┌──

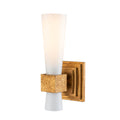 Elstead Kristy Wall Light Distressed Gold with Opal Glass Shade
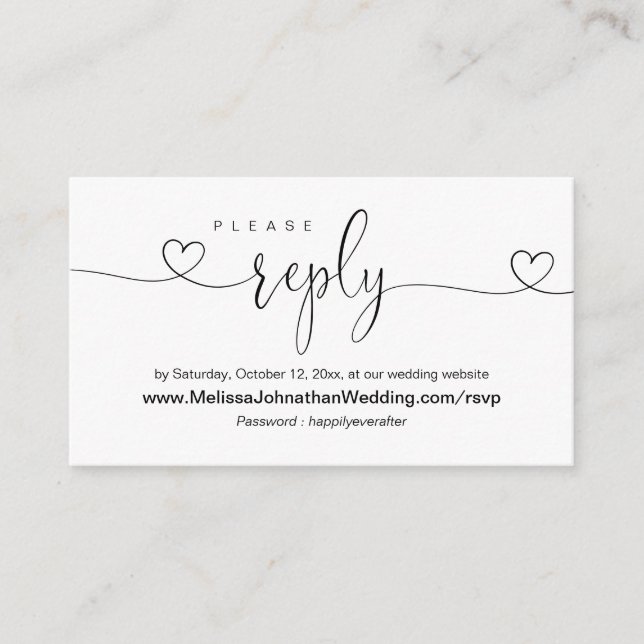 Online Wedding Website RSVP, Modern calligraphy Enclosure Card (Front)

└──
┌──

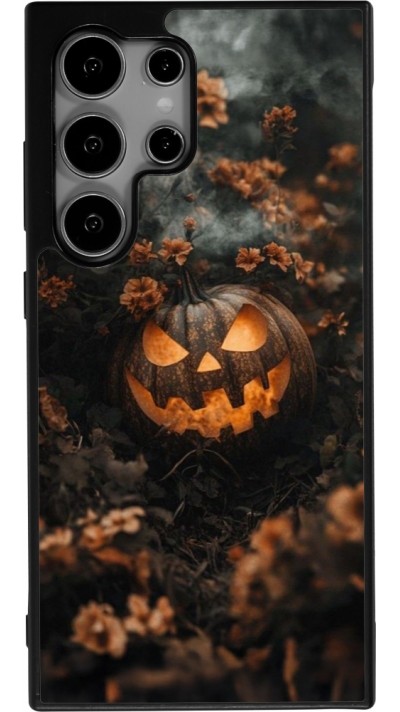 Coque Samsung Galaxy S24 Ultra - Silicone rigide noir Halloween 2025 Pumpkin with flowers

└──

→ **Exercise description**
Beginning with the line that contains "Elstead Kristy Wall" and ending with the line that contains "Online Wedding Website", reproduce the listing exactly, pictures excluded.

→ **Result of this task**
 Elstead Kristy Wall Light Distressed Gold with Opal Glass Shade
 Online Wedding Website RSVP, Modern calligraphy Enclosure Card (Front)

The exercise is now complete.